Tips for starting an Ecommerce Website
So you’re ready to start an ecommerce website.. you know what you’re selling, where you’ll ship to, and have purchased a domain name, but don’t know where to actually begin?
Don’t worry, you’re not alone. Starting an ecommerce website can be quite overwhelming, there are many factors you need to plan out before you can start calling ecommerce website developers and starting your project. This article will explain some of the things you need to consider when asking for quotes to develop your ecommerce website, and what you should start researching and planning for.
What do you want in terms of design & layout?
Planning the design and layout of the website is one of the most important aspects of planning your ecommerce website. The design should be clean, easy to navigate, easy to purchase products and checkout. I recommend avoiding pre-designed templates as they never end up looking exactly the way you want them to, and it can be time consuming (and therefore more expensive) to customize pre-designed themes. A simple, un cluttered custom design can never go wrong.
Open source Vs Custom programming
A good way to prepare yourself is to first educate yourself on what options you have. Open source, which means the actual application is free to download and use, can be a good, cheaper solution to start with. There are many open source ecommerce website platforms out there, like Magento, Open Cart, PrestaShop, Zen Cart for example. These are fully functional ecommerce systems and come packed with functionality, and you will have the ability to manage the ecommerce website yourself via an online admin area. Adding new products, categories, putting products on sale and creating coupon codes are all included with systems like these! However.. I recommend balancing out an open source system with some custom programming, mainly to secure the website. Don’t forget that if something is free, anyone can download it (hacker, hacker) and find vulnerabilities in the code.
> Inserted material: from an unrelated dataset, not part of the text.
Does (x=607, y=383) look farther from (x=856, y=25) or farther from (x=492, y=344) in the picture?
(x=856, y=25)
Custom programmed ecommerce websites can be expensive to develop. This is mainly because more than 60% of the code would be written by the developer, and not downloaded from an open source website or system. This means you can have exactly what you want, have it work exactly the way you want, and chances are it will be a lot more secure; but all this comes at a price. Custom programmed websites can start at $15,000 and go up from there.
Have you prepared an inventory excel sheet?
I cannot even begin to explain how important this is. In order to expedite development of your ecommerce website, you need to have all your products, categories, prices, images, etc organized and ready in an excel sheet so the developer can simply import them into the database. If you have not prepared this, chances are you will delay the launch of your ecommerce website while you’re busy preparing this sheet, or you’ll be charged extra to have the developer manually add the products, or even worse; you’ll be stuck adding each product, one by one, via the admin area.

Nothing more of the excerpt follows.